Print every record exactly, but leave out the pictures.

(Stored entries)
────────
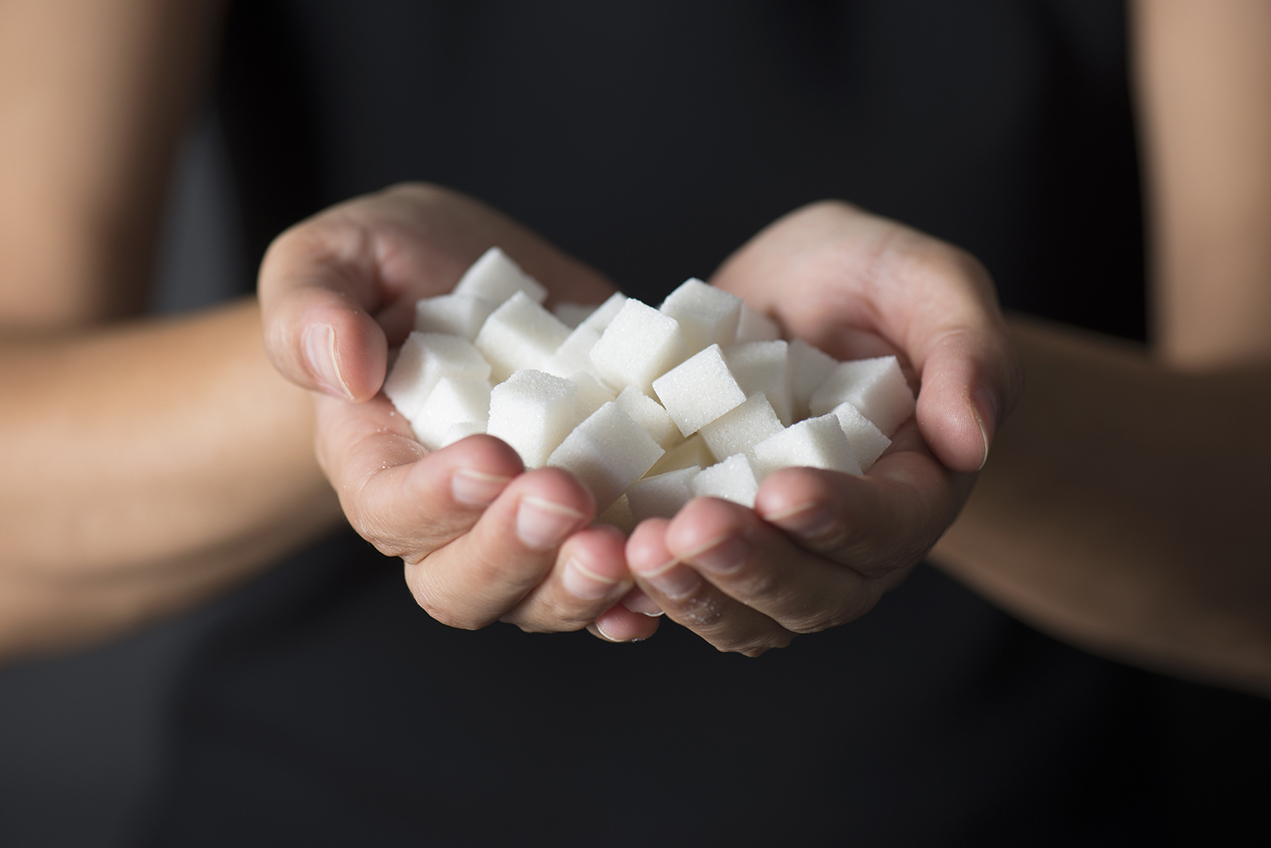 Caucasian female is holding sugar cubes in hand.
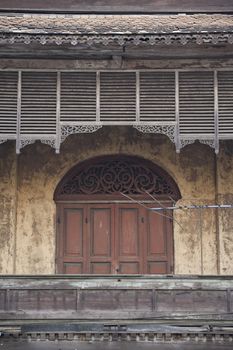 Ancient wooden window with concrete wall in natural rural environment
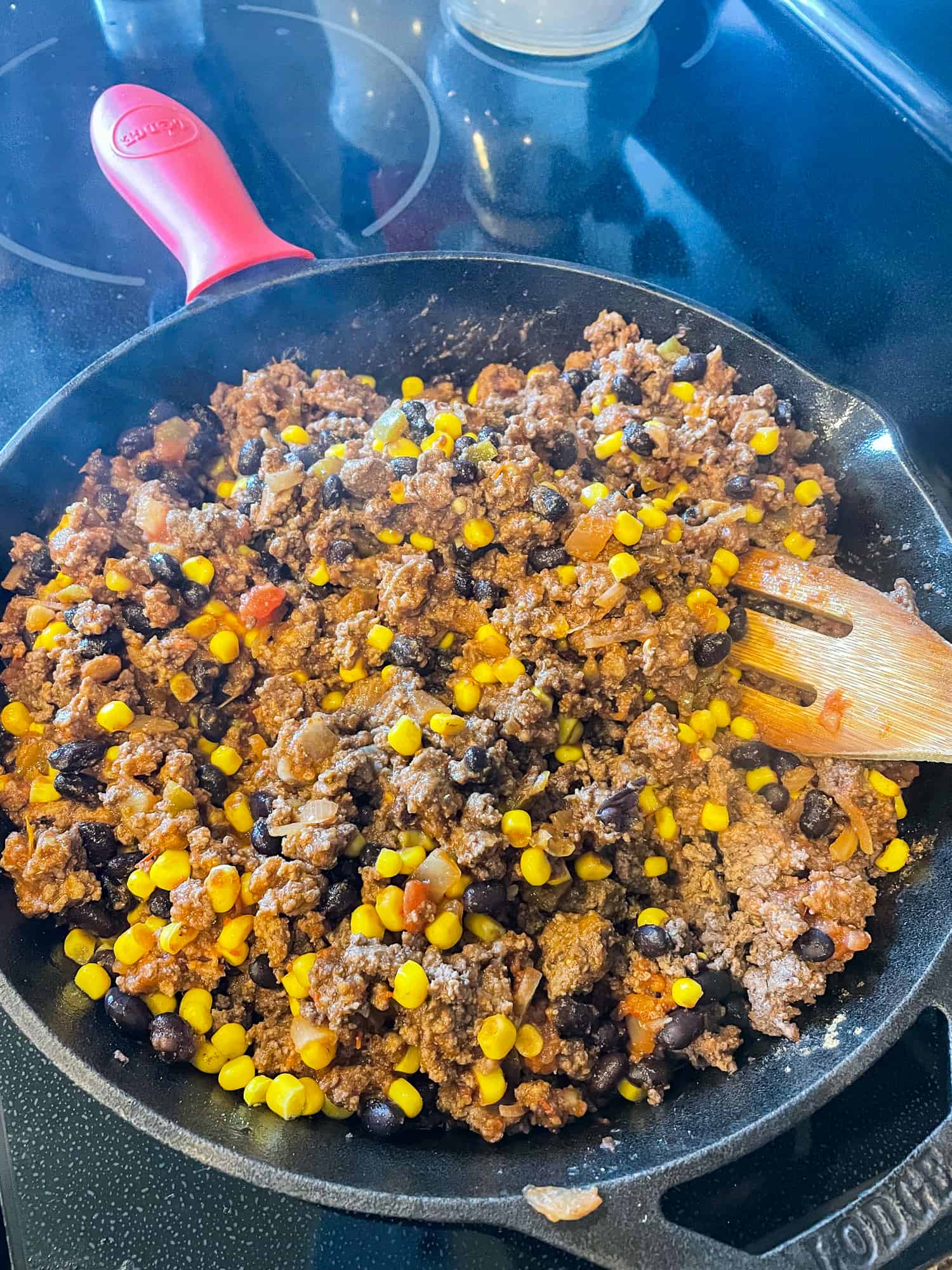 Mixture for beef quesadillas in a cast iron skillet.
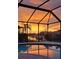 Stunning sunset view from a screened-in pool overlooking the serene canal at 2526 Brazilia Ct, Punta Gorda, FL 33950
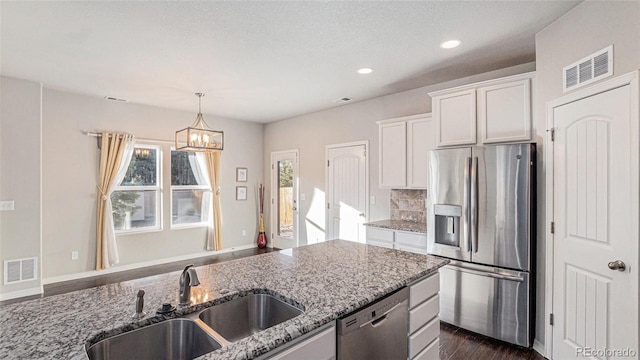 kitchen with sink, light stone counters, a notable chandelier, white cabinets, and appliances with stainless steel finishes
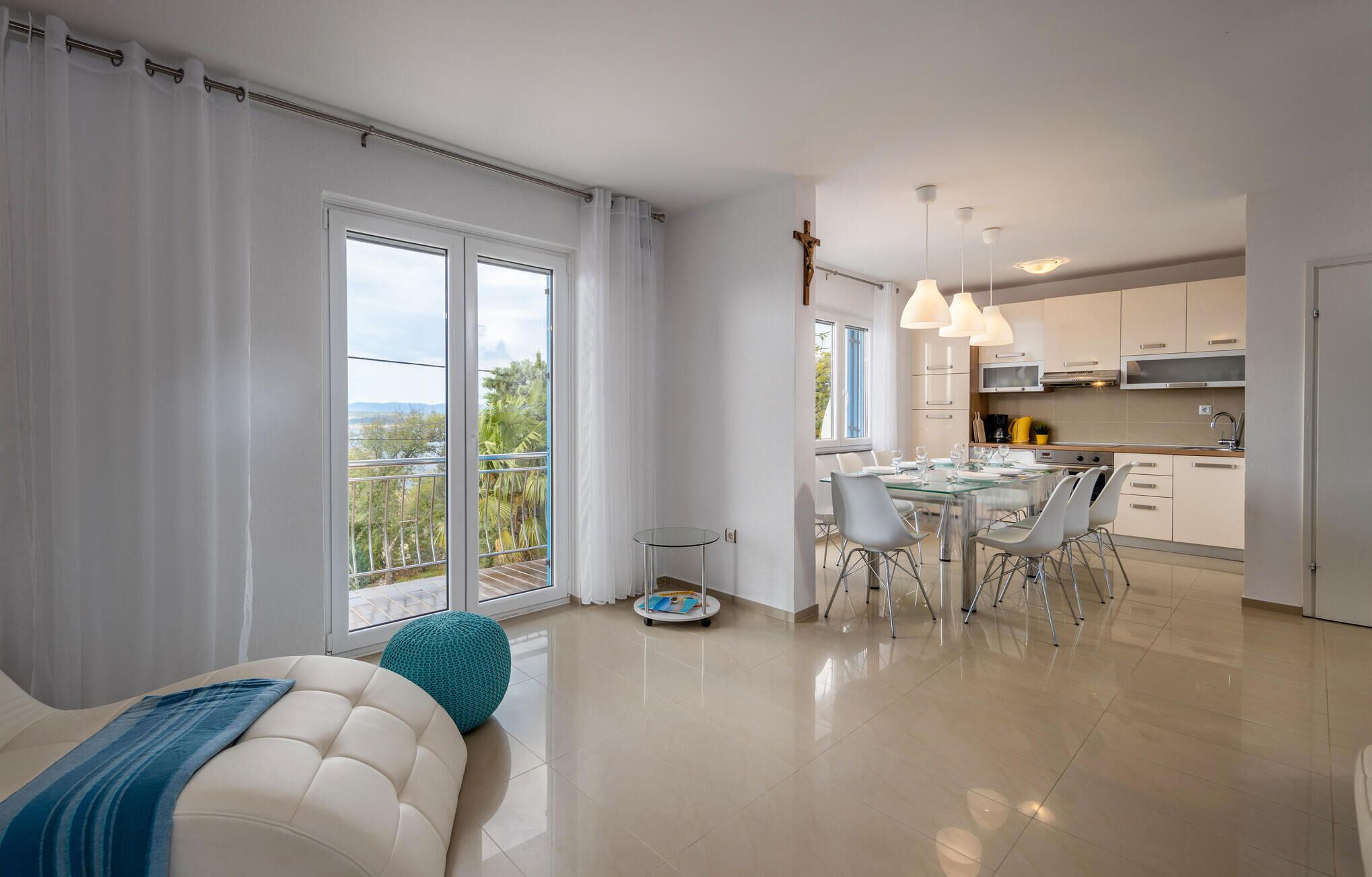 A modern apartment with a balcony, a dining area, and a kitchen.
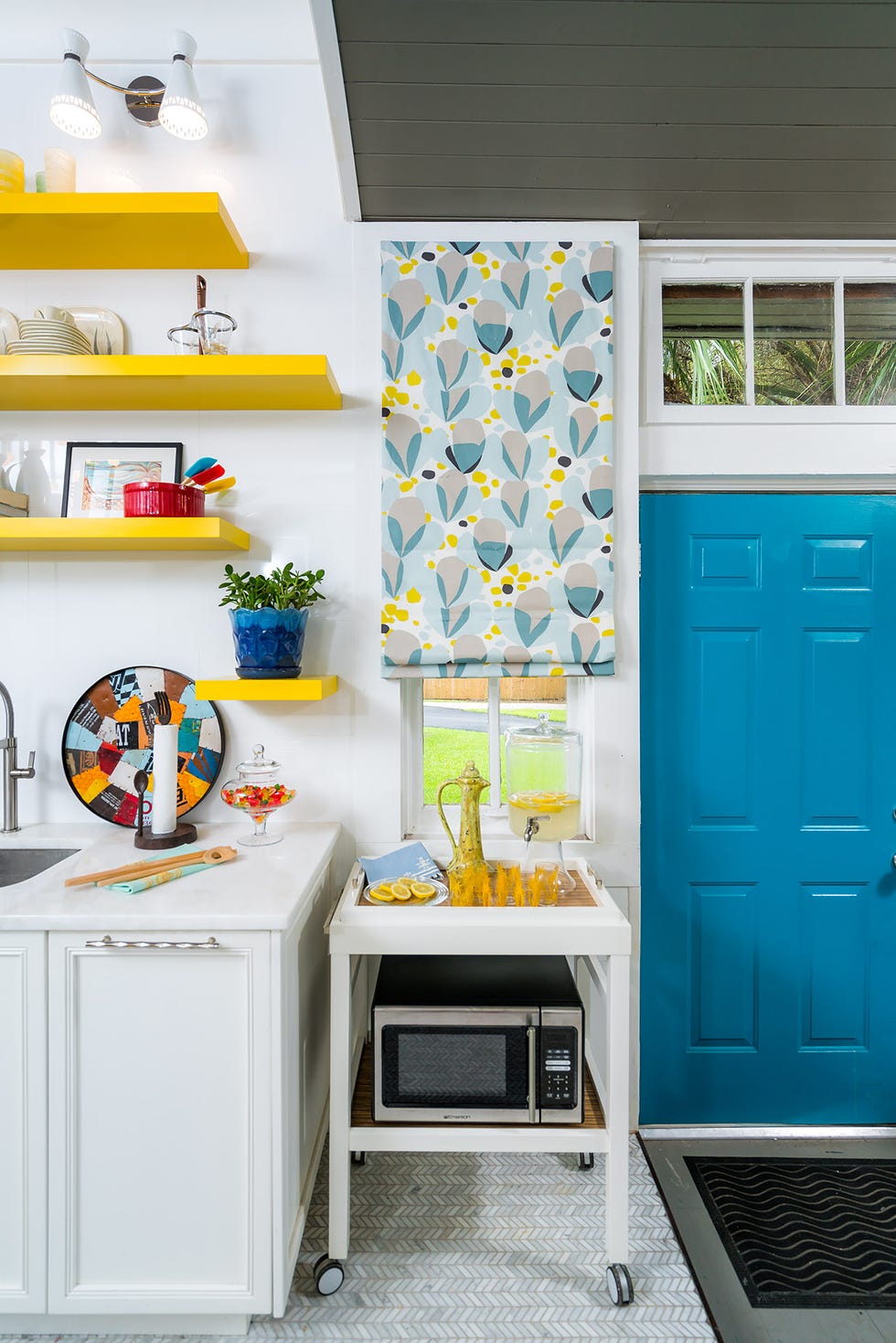 bright kitchen area featuring a serving cart with drinks colorful shelves and blue door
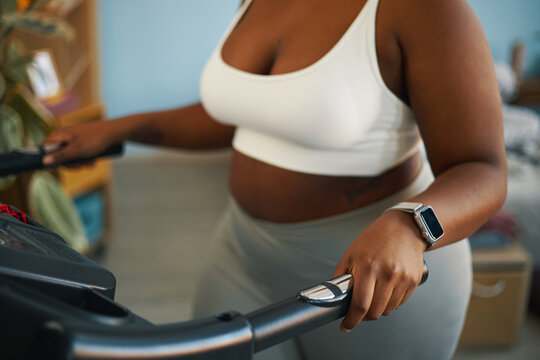 Person using treadmill wearing smartwatch and fitness gear in indoor setting emphasizing contemporary workout routine and healthy lifestyle
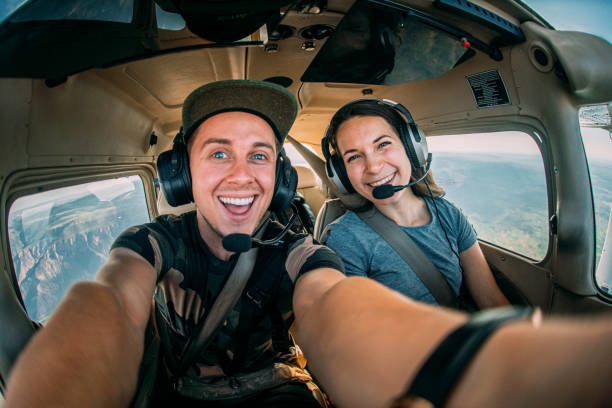 Two Cheerful Young Adult Friends Together in the Cockpit Flying a Small Single Engine Airplane Wide Angle Selfie Fisheye Shot of Two Cheerful Young Adult Male and Female Friends Together in the Cockpit Flying a Small Single Engine Airplane airplane hangar photos stock pictures, royalty-free photos & images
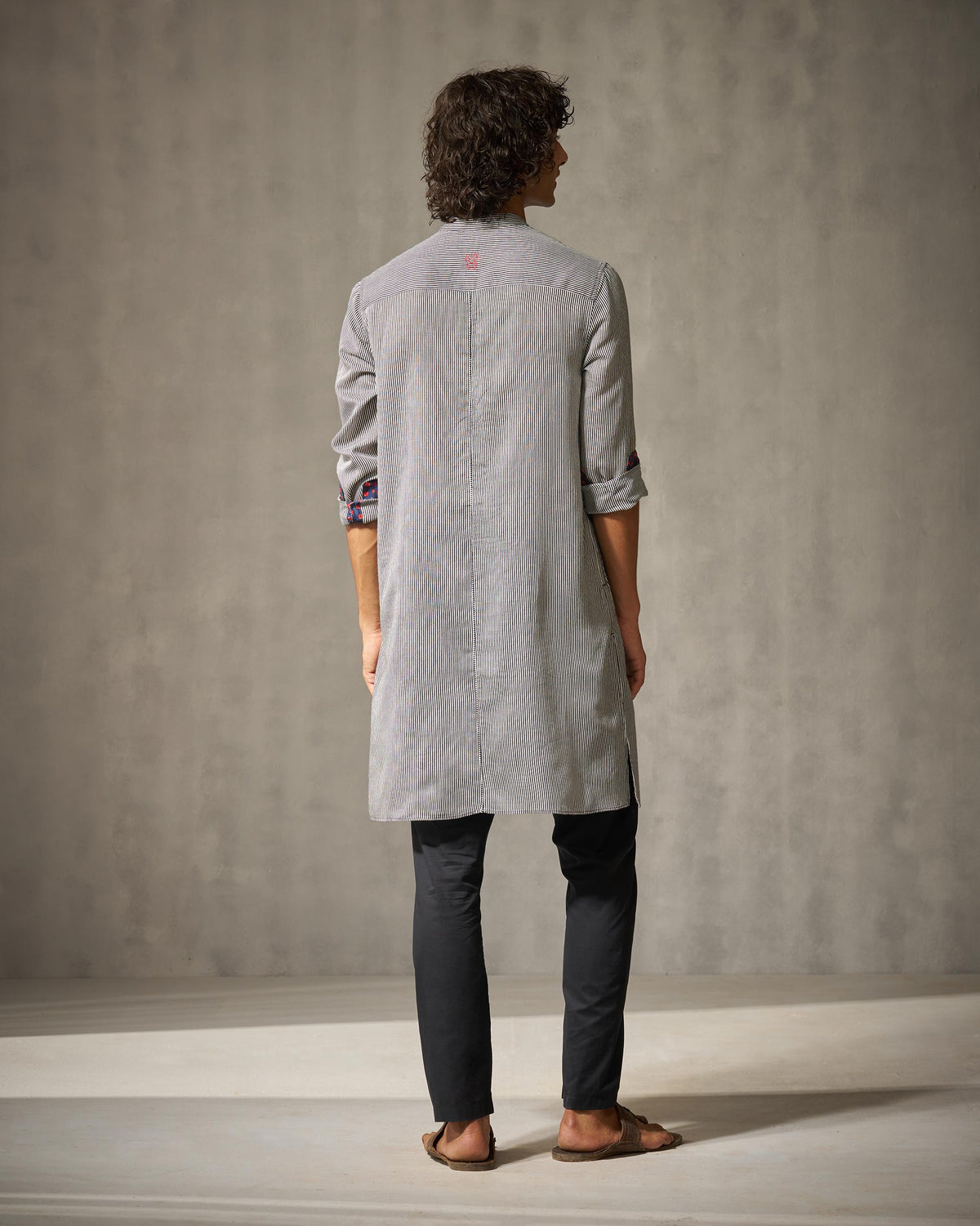 Back of a black and ivory striped Revel Kurta with a center seam and yoke detail.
────────
→ **Expected answer**
 Caucasian female is holding sugar cubes in hand.
 Ancient wooden window with concrete wall in natural rural environment
 Mixture for beef quesadillas in a cast iron skillet.
 Stunning sunset view from a screened-in pool overlooking the serene canal at 2526 Brazilia Ct, Punta Gorda, FL 33950
 kitchen with sink, light stone counters, a notable chandelier, white cabinets, and appliances with stainless steel finishes
 A modern apartment with a balcony, a dining area, and a kitchen.
 bright kitchen area featuring a serving cart with drinks colorful shelves and blue door
 Person using treadmill wearing smartwatch and fitness gear in indoor setting emphasizing contemporary workout routine and healthy lifestyle
 Two Cheerful Young Adult Friends Together in the Cockpit Flying a Small Single Engine Airplane Wide Angle Selfie Fisheye Shot of Two Cheerful Young Adult Male and Female Friends Together in the Cockpit Flying a Small Single Engine Airplane airplane hangar photos stock pictures, royalty-free photos & images
 Back of a black and ivory striped Revel Kurta with a center seam and yoke detail.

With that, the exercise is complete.